The Emigrant's Dilemma, Chapter 4: Best Laid Plans

So if I were doing a blog post today, it was supposed to have been out of Aix-en-Provence, a place I've wanted to visit for a while, and a stopover between Berlin and Fes, Morocco, where I was supposed to have been attending the Festival of World Sacred Music.


This weekend, a thought struck me: I'm owed €1200 by a magazine. I work for them regularly, they always pay quickly, and there was no reason to believe this money wouldn't be along shortly. It wasn't there Friday, it wasn't there Saturday. This raised the tension a bit, since I had to pay rent and bills before I left. There'd be a nice chunk of change left over, which would pay for hotels in France, daily expenses in Morocco, and whatnot, and there'd be plenty still in my pocket when the train from Marseille dropped me at Montpellier St. Roch station at noon on June 16.

The money wasn't there on Monday. It wasn't there on Tuesday.

Just because you know things have to get even more tense before they can deflate, Wednesday dawned with my waiting for a Federal Express guy to pick up the recordings I'd made for Fresh Air on Tuesday over at ARD. Since I wanted to get an early start on the day, when I'd filled out the pickup form on line, I'd put 10:30 as the earliest time for pickup and noon as the latest. After that I'd be free to hit the bank and, assuming the money was there, do my pre-trip shopping (surge protector, etc.), pack, and so on.

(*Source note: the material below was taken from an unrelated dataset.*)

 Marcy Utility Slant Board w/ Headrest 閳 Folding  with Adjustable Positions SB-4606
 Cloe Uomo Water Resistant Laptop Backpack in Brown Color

At noon the phone rang. It was FedEx. They were at my old house and couldn't find me. Well, of course not! I told the guy where I was and he told me that this wasn't his problem, that one of his colleagues would have to pick it up and I should go back to the website and fill out a whole other pickup form. So I did. And put a new permanent address for me there, as well. I specified that they should pick it up immediately, or as late as 3. Not a lot of time, and I couldn't leave the house to check the bank, but I'd survive.

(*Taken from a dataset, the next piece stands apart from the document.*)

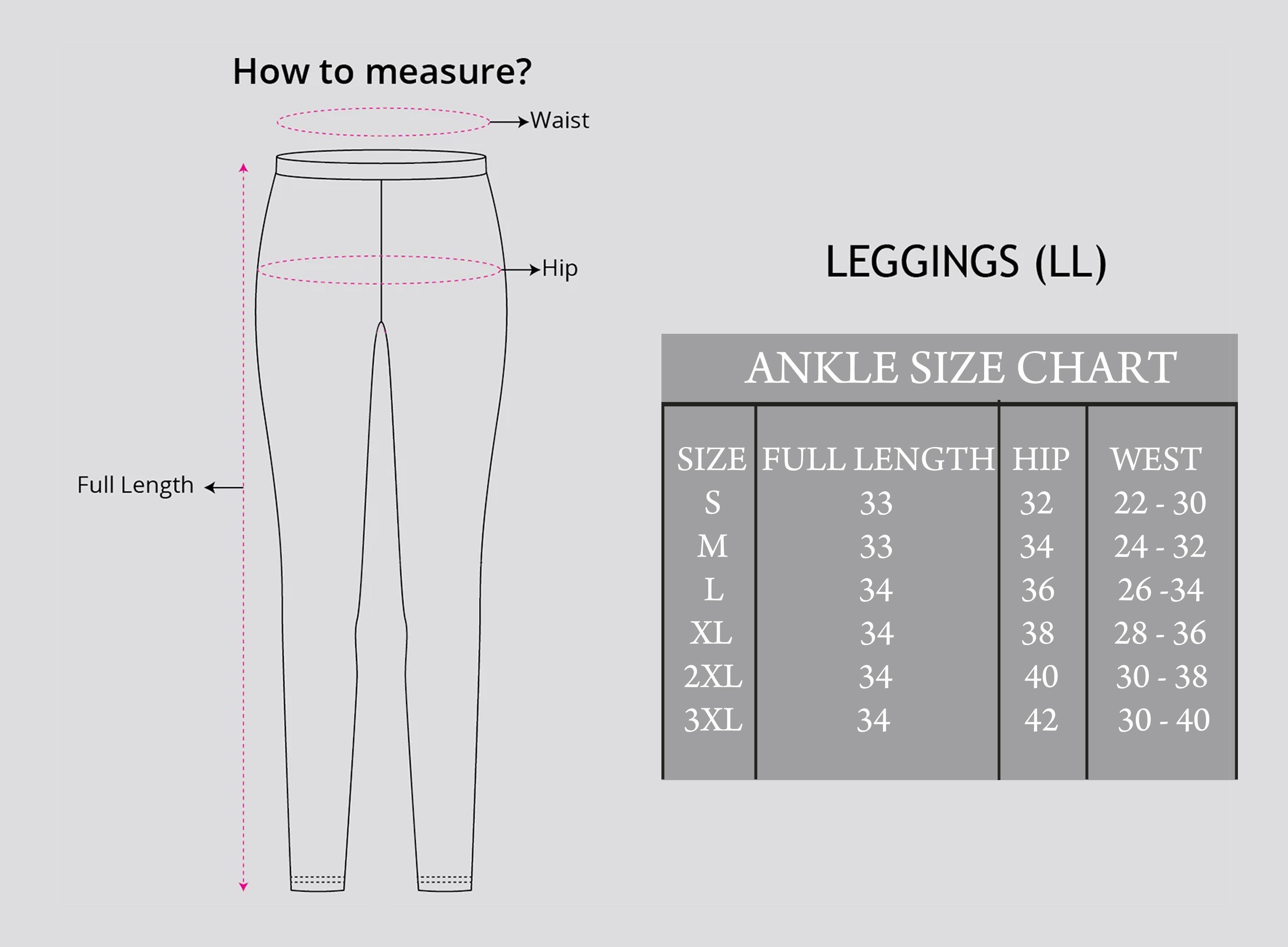 Ankle length leggings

At 3:45 the guy finally showed. I handed him the package and followed him out the door to head to the bank as fast as I could go.

The money wasn't there.

So I trudged back home, cancelled my plane ticket to Marseille (€250, no refund), both hotel reservations for before and after the Moroccan trip, and threw away my Marseille-Montpellier train ticket (€17). I also wrote the publicist who'd set things up, and to put it mildly, she was not pleased. I was informed, rather icily, that I would never be approved for this jaunt again, because of the last-minute cancellation. I tended to look at it as trying until the last minute to make it, but okay.

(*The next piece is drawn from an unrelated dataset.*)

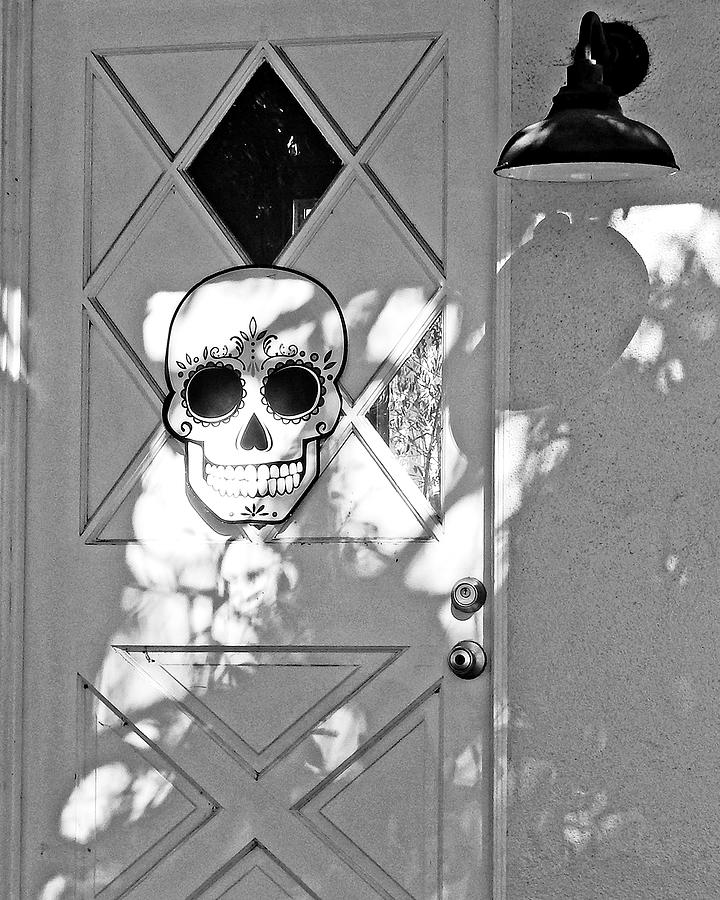 Skeleton Door Photograph by Andrew Lawrence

There's an up side to this, of course. Nobody has agreed to take this apartment after I leave, so I have more time to show it. I can concentrate on the still-unknown moving cost and maybe make a commitment to a mover. (I just got off the phone with a guy who'd given the place a cursory look the other day, clearly not interested, and who called me back with a quote of €3800. Somehow I think I can do better than that...) And my risk of gastrointestinal disaster has just dipped significantly.

Now, when the money comes, I'll just head to Kopfbahnhof, that nest of crazed rail-nerds, and buy a Berlin-Montpellier ticket.

And meanwhile, I scan the rental ads online and realize that there are quite a few places that look just right. Now to snag one.


gary etie said...


There are definitely times where knowing when not to do something, or cooling it, until things are copasetic, is the better route. I don't know about you, but Austin has certainly tested, and proved, that adage over the years.


Anonymous said...

I've suffered the same kind of banking humiliations from publishers that typically pay quickly that you describe, Ed. It always seems that only when I really need the money is the check late -- some kind of twisted fate for finances, I guess. There's always a legit excuse (the editor says something like "I was out of town and couldn't turn in your invoice until this week"), but why is it that payments to freelancers are never considered by editors and publishers to be paychecks? More than once I've told an editor who was late with a payment, "If your paycheck was even a day late you'd scream," but they never seem to consider that we use our freelance payments for the same things -- rent, food, bills -- they use paychecks for.

In any event, you've got my sympathy.